From The Winning Lady and Others (Harper and Brothers; New York: 1909)
It happened a number of years ago, when valentines were made more account of than they are now. Why, in those days some valentines were almost as good as an offer of marriage. I am sure Jonty's was. He meant it for one, and I knew he did. Jonty — his name was Jonathan, but we always called him Jonty — was my husband's youngest brother, and he had lived with me ever since his father died, when he wasn't much more than a baby.
He was twenty years younger than my husband, and we both of us, since we didn't have any children of our own, looked upon him as a son. My husband just set his eyes by his little brother, and he was a pretty boy, with the reddest cheeks and curliest light hair, and he was just as good as he could be, always ready to run errands, get a pail of water, and bring in kindling-wood, starting the minute he was told, and goin' laughin' as if he was tickled to death at havin' a chance to do somethin' for somebody.

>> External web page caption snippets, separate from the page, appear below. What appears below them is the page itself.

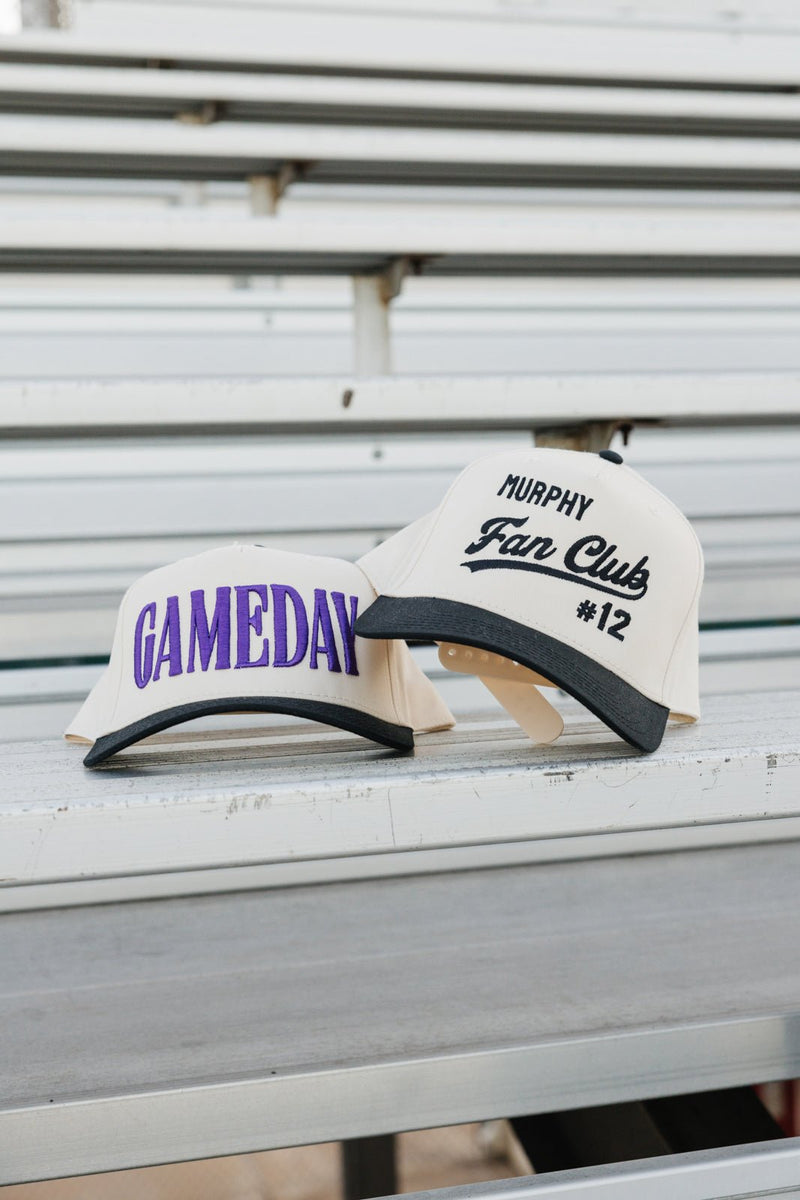 Bleacher scene with Embroidered Fan Club Vintage Trucker Hat beside a purple GAMEDAY cap.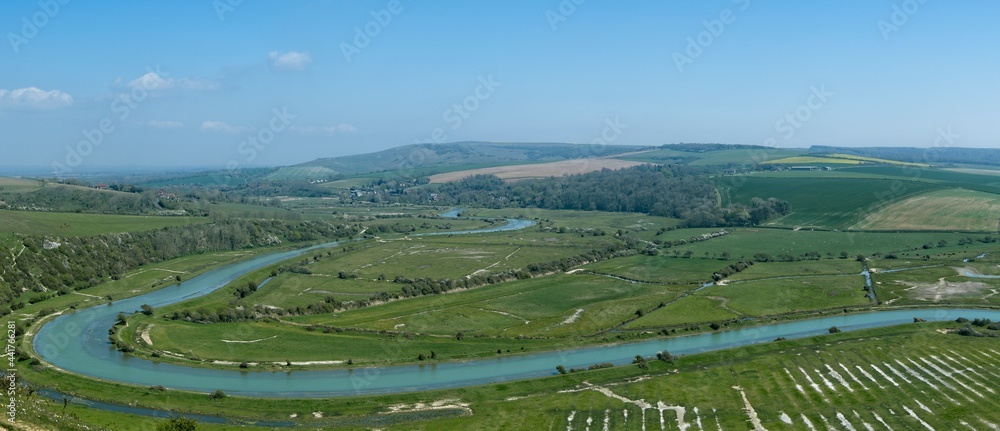 Panoramic view of the meandering Cuckmere river and valley from the High and Over footpath towards Alfriston. West Dean, Seaford, East Sussex, England
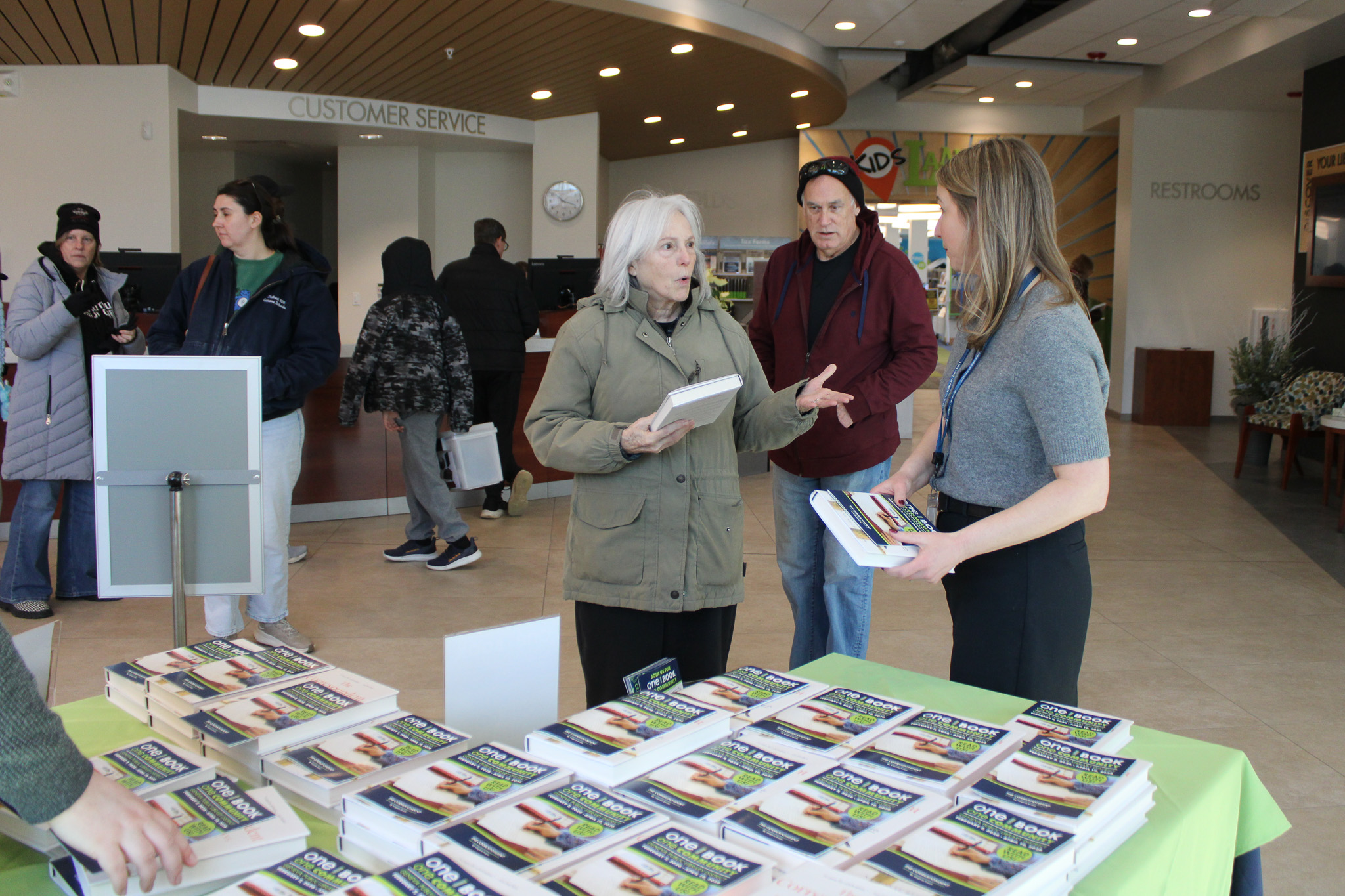 Patron speaking with staff member in front of a table filled with giveaway books.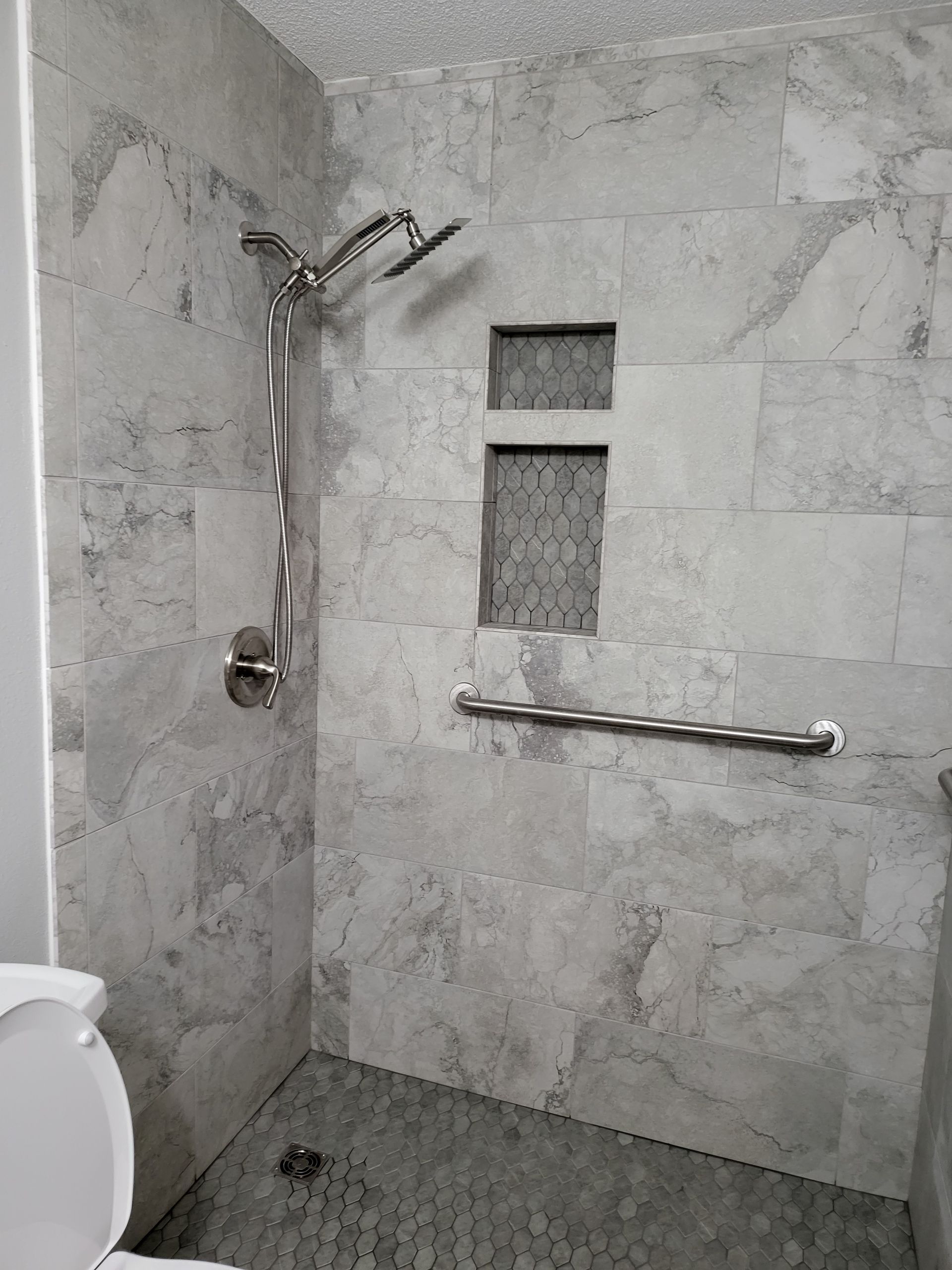 Accessible shower with marble tile walls, handheld showerhead, bench, and grab bar, viewed from the toilet area
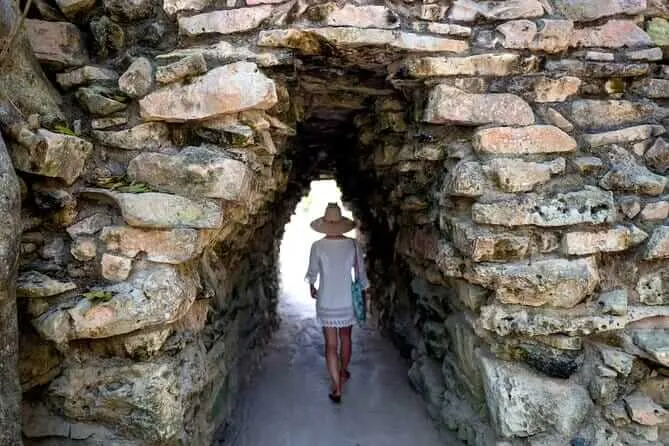Tulum Archaeological Site Surges to Holy Week’s Third Most Visited Person walking through a narrow stone passageway in an ancient ruins structure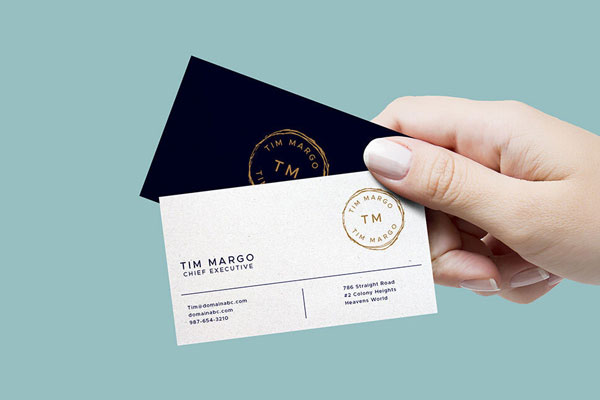 Mockup of a Hand Holding Two Business Cards FREE PSD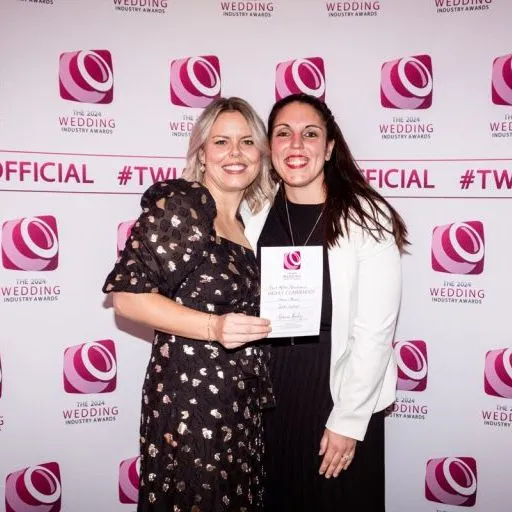 Two women holding an award certificate in front of The Wedding Industry Awards 2024 backdrop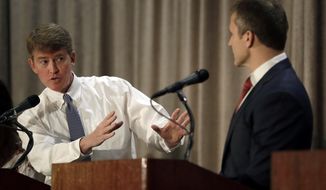 FILE - In this Sept. 30, 2016 file photo, Democratic gubernatorial candidate Chris Koster, left, speaks to Republican challenger Eric Greitens during the first general election debate in the race for Missouri governor in Branson, Mo. During the debate, Greitens accused Koster of wanting to have Darren Wilson, the Ferguson police officer who shot and killed Michael Brown, fired or forced to resign before all the facts were in. (AP Photo/Jeff Roberson, File)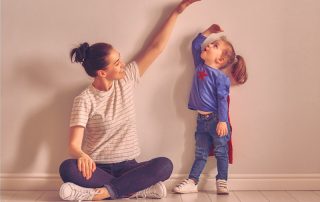 Mãe sentada no chão brincando de medir a filha, encostada na parede, vestida de super-heroina, para ilustrar o crescimento infantil.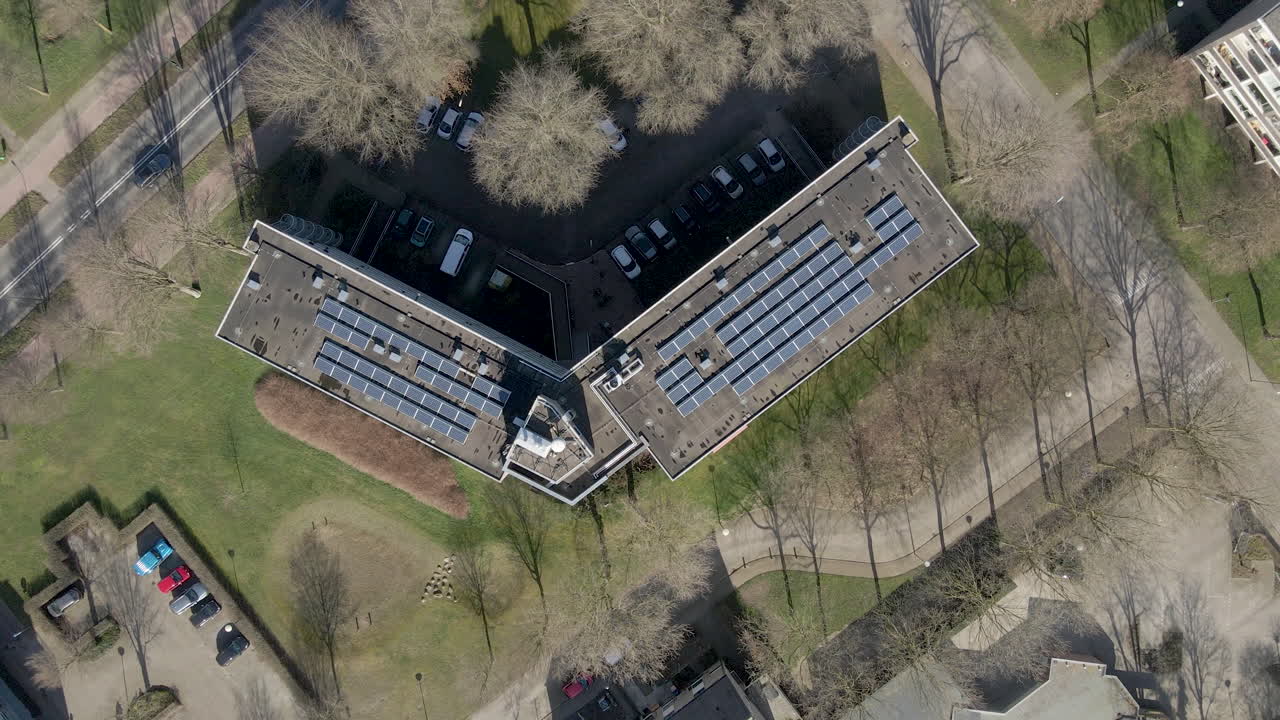 Top down aerial of solar panels on large apartment building rooftop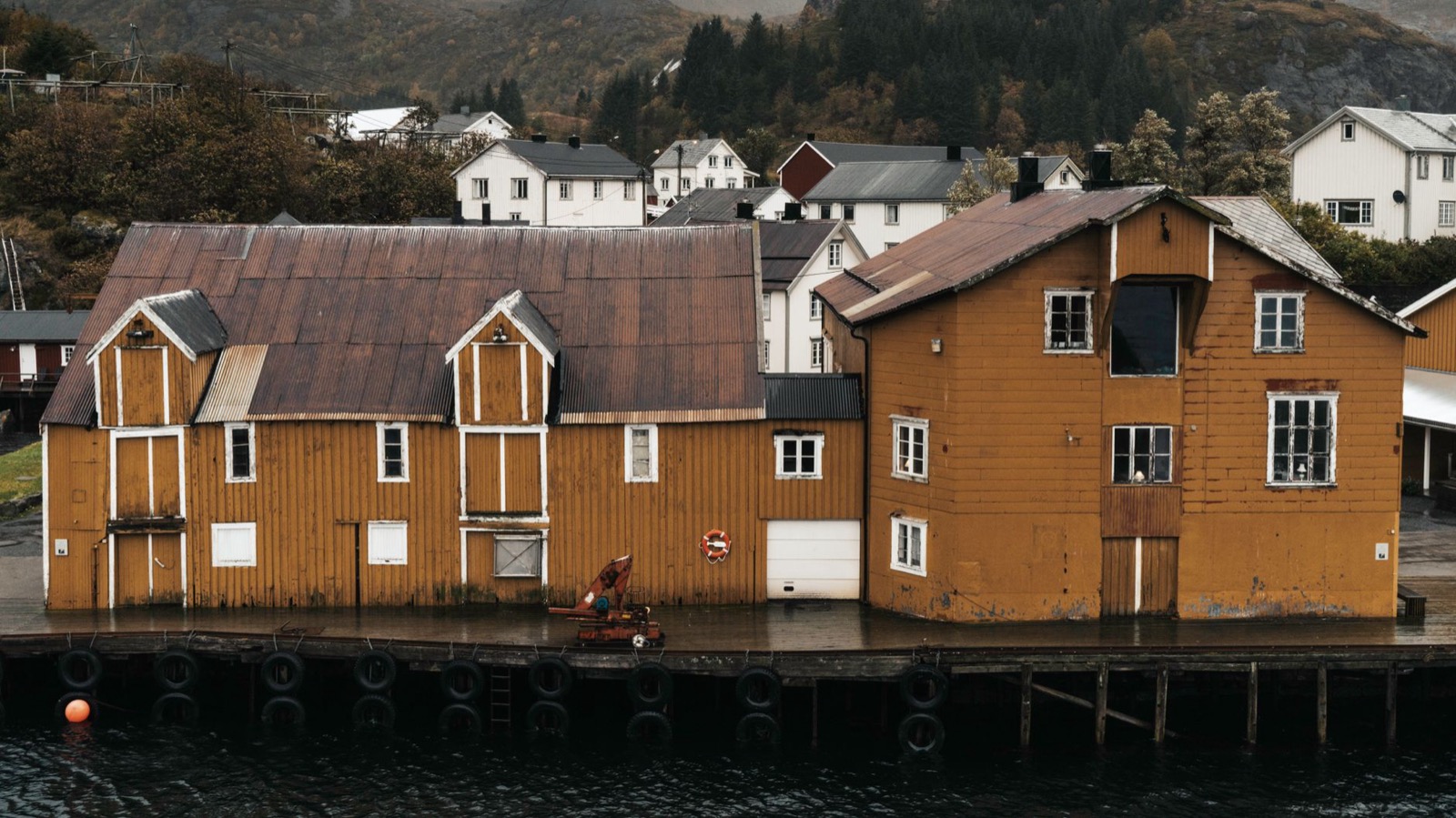 Ochre-painted wooden warehouses along a quayside, with white houses on the hillside behind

The way he used to wait on Grandma Page, find her glasses for her, and hold her yarn, was really wonderful in a boy. Grandma Page was his and Caleb's — my husband's — great-grandmother. She was pretty old when Jonty came to live with us, and when that happened about the valentine she was near ninety, but one of the prettiest old ladies you ever saw, cheeks as pink as a girl's, and her white hair all wavy, and she wore the nicest white caps, with lavender ribbons on them. We were proud of Grandma Page, and she was one of those little, gentle, delicate, clinging creatures that everybody loves and pets. People used to say she didn't have much force, and couldn't do anything but knit and look peaceful and pretty, but she wasn't half the care that most old people are. When my husband died, Jonty was most twenty-five years old, and it was the greatest comfort to me that I had him and Grandma Page. Jonty he took hold and run the farm just as smart, and we got along well, and had plenty of everything, though I was sad enough sometimes.
I felt dreadful sober when Jonty came to me that afternoon about the valentine. It made me think of the time when Caleb sent me a valentine, for one thing; and then I couldn't help feeling a little sad that Jonty should be thinkin' of some other woman beside his grandma and me, though I knew it was for the best if he got a good wife and helpmate.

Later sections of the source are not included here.